In the film Demonstrating Montessori (1980), Montessori teachers demonstrate exercises designed to teach children practical life, language, mathematics and geography, and to develop sensorial awareness. These exercises include pouring water, matching words with pictures, transitioning from tangible mathematical materials (gold beads) to abstract materials (cards with written numbers), identifying land, air, and water, and placing cylinders on a grid according to size.

While sitting next to the child, the teacher first demonstrates the activity. The teacher then invites the child to join in. Finally, the child repeats the activity on their own.

The first activities a child is introduced to are rooted in sensory experiences. As the child progresses, the activities grow more complex and abstract.

 

The teacher sits directly next to the student while demonstrating activity.

Photograph of a child using sandpaper letter while looking at teacher. Other students work in the background.

A teacher helps a child trace a letter with her finger.
A teacher shows a child how to use sandpaper letters.
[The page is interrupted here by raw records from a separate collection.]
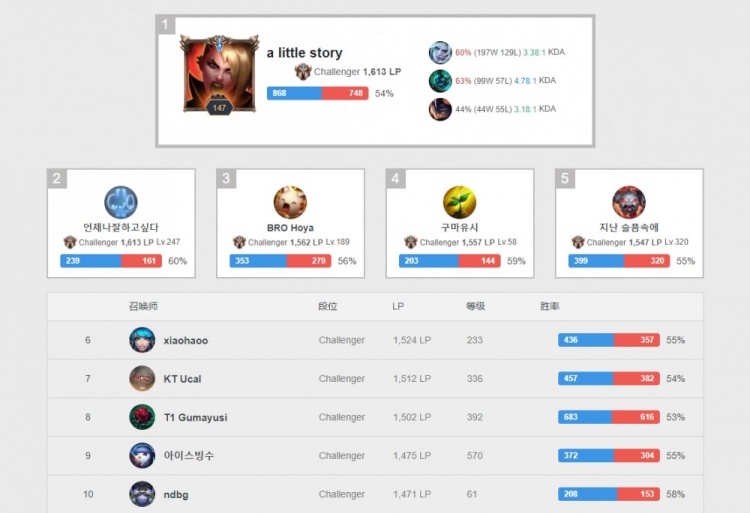 上旋的杀伤 上旋的杀伤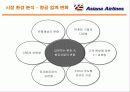 아시아나 항공의 서비스경영 분석 8페이지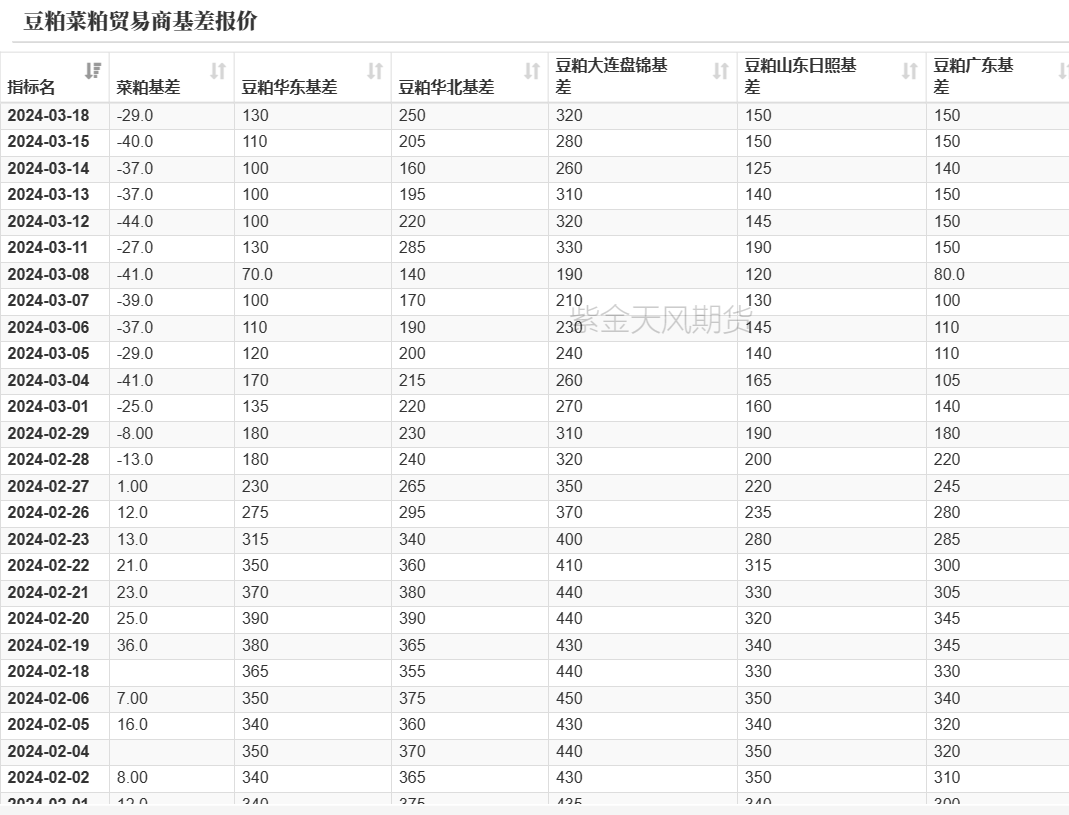 豆粕简介豆粕：国内基本面阶段性好转,数据来源：紫金天风期货研究所,第24张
Children use sandpaper letters to learn sounds and the shape of letters in the alphabet. Sandpaper letters are typically used by children ages 3-4. However, children work at their own pace in a Montessori classroom, so the age of the students using sandpaper letters can vary, depending on the child’s needs.

A photograph of a sandpaper letter
A sandpaper letter included in Mildred W. Harford’s teacher training notebook

Notebooks created by teachers during their training include illustrations and descriptions of classroom activities.

A page from a teacher training notebook explaining how to use sandpaper letters.
A page from Edith Cary’s teacher training notebook explaining how to use sandpaper letters.